### ENTRIES SHOWN ###
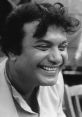 Uttam Kumar smiling joyfully, showcasing his iconic charm in a nostalgic black-and-white portrait.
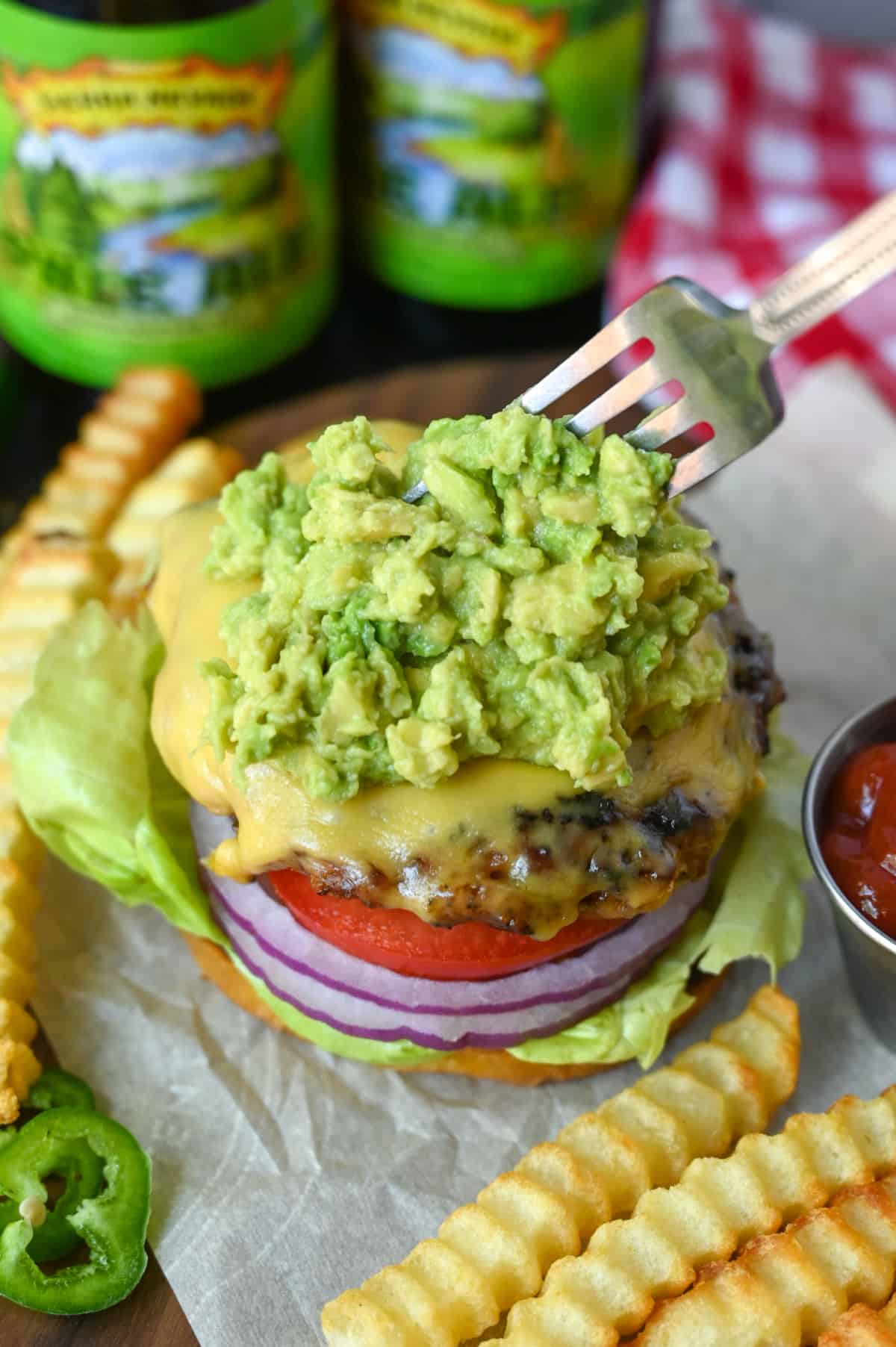 Guacamole being placed on a chicken burger with a fork.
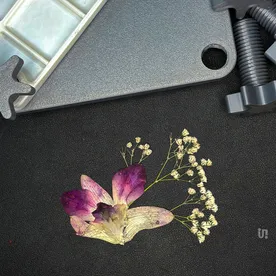 The Flower Keeper press beside a pressed orchid keepsake.
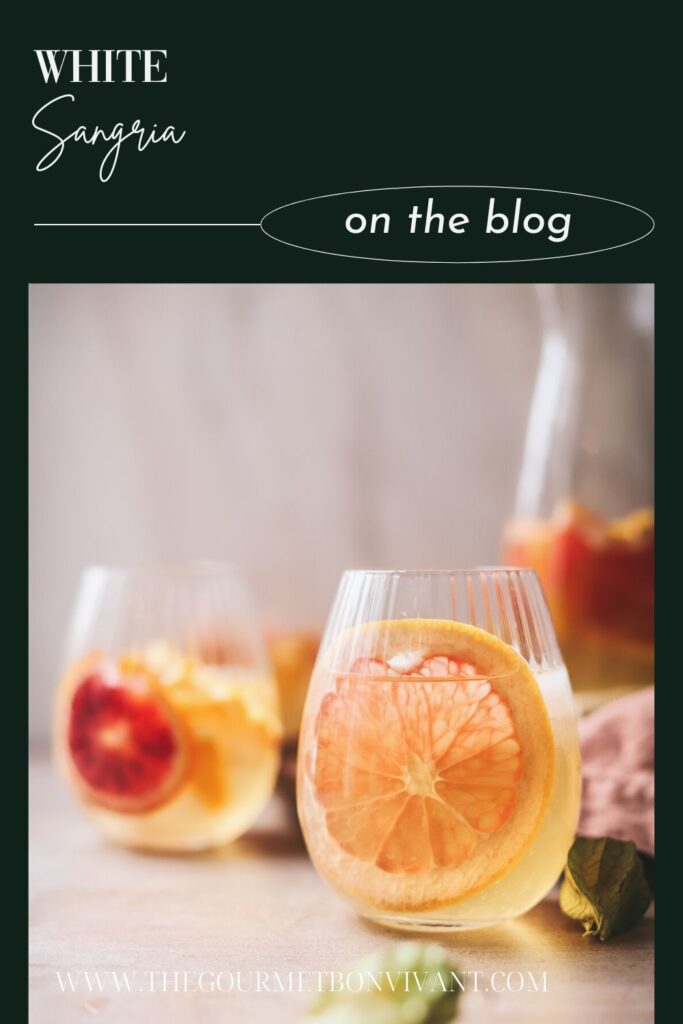 A glass of sangria with grapefruit and title text.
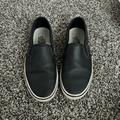 Vans Shoes | Black Vans Sneakers No Laces Pull In Shoes Hood Condition; Used Size 7 Us | Color: Black | Size: 7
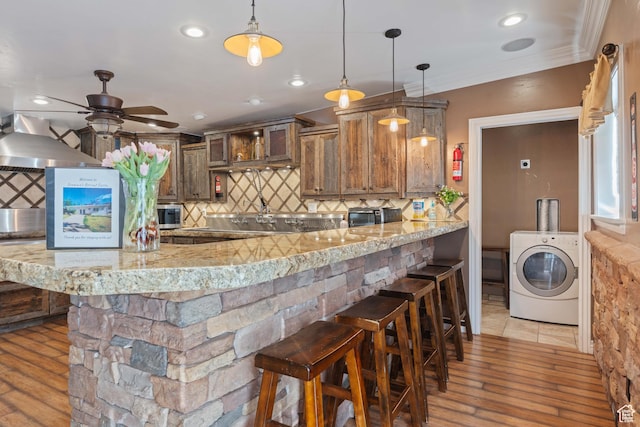 75 N 200 W, Kanab, UT 84741 - kitchen featuring a kitchen bar, washer / dryer, light stone counters, hanging light fixtures, and kitchen peninsula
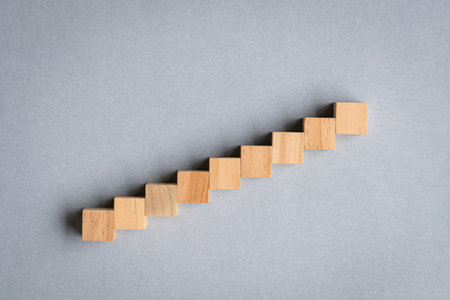 Nine wood cubes arranged as step stair going up. Use as template for text, copy space.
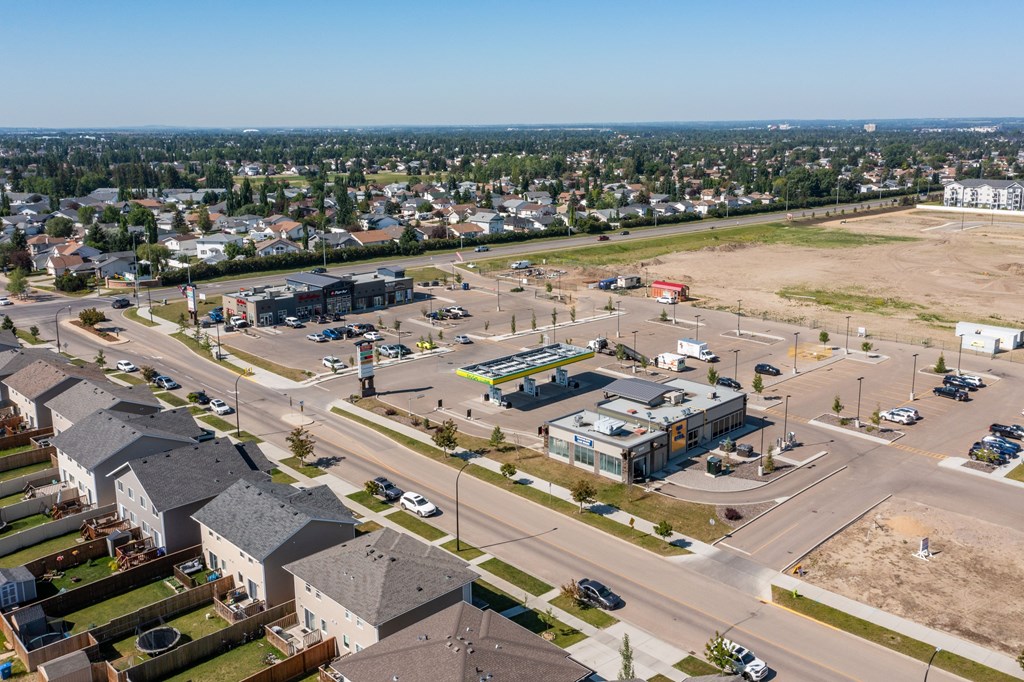 A view of a residential area with houses, a parking lot, and a road.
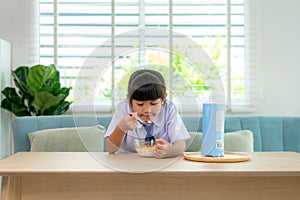 Asian elementary school student girl in uniform eating breakfast cereals with milk in morning school routine for day in life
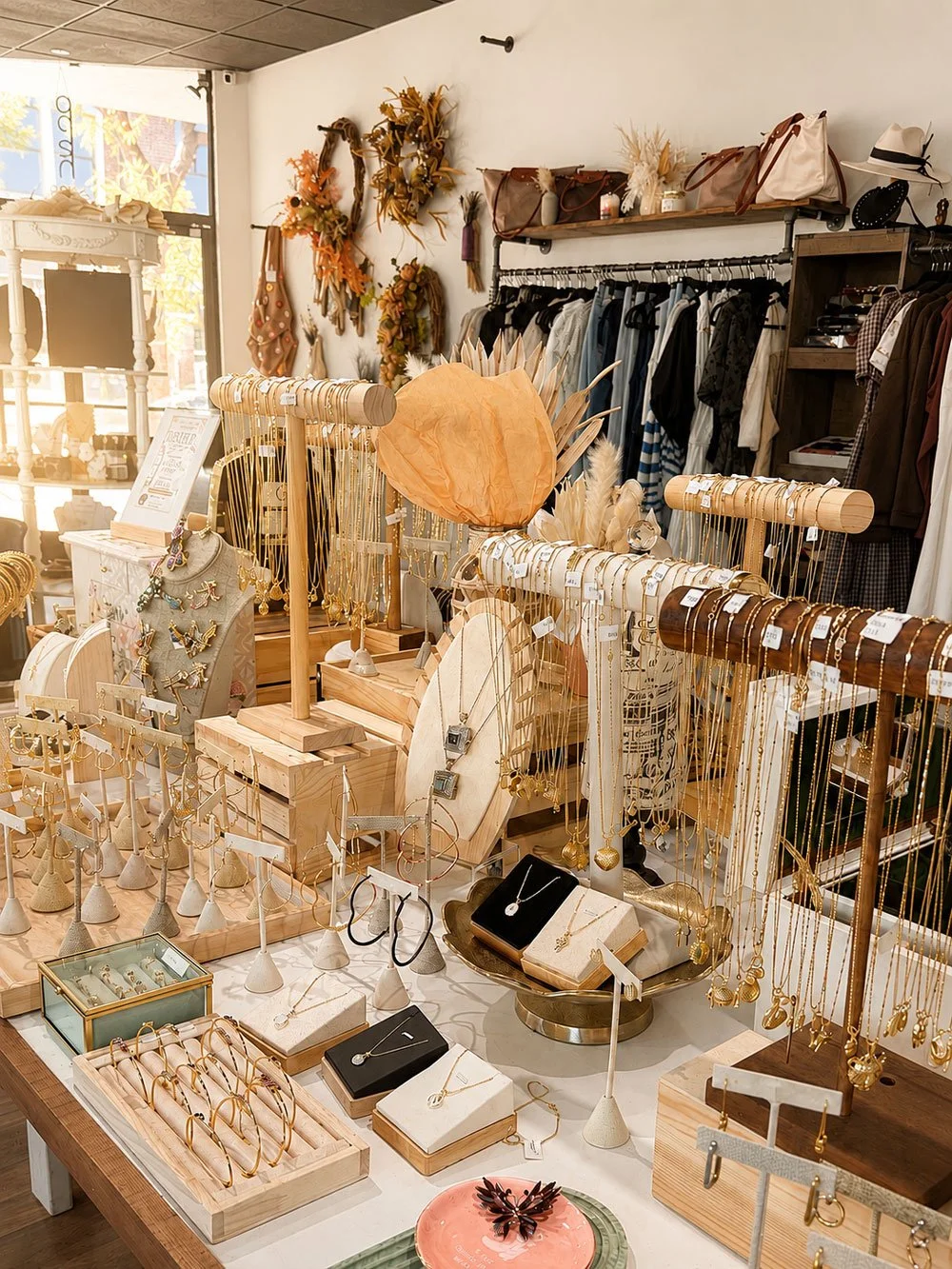 Display of jewelry including necklaces, earrings, and rings, in a boutique store with clothing and decorative wreaths in the background.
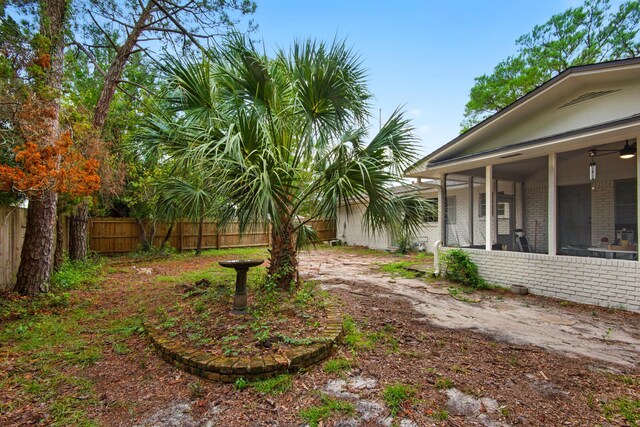 view of yard with ceiling fan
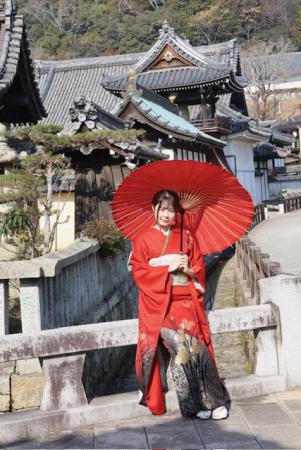 如来寺と橋の欄干に赤い着物を着た女性が腰かけている写真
###
- **ASSIGNMENT**
From the material above, reproduce only what runs from the line holding "Vans Shoes |" down to the line holding "75 N 200 W, Kanab, UT", both included, pictures excluded.

- **ANSWER TO THE PROBLEM**
 Vans Shoes | Black Vans Sneakers No Laces Pull In Shoes Hood Condition; Used Size 7 Us | Color: Black | Size: 7
 75 N 200 W, Kanab, UT 84741 - kitchen featuring a kitchen bar, washer / dryer, light stone counters, hanging light fixtures, and kitchen peninsula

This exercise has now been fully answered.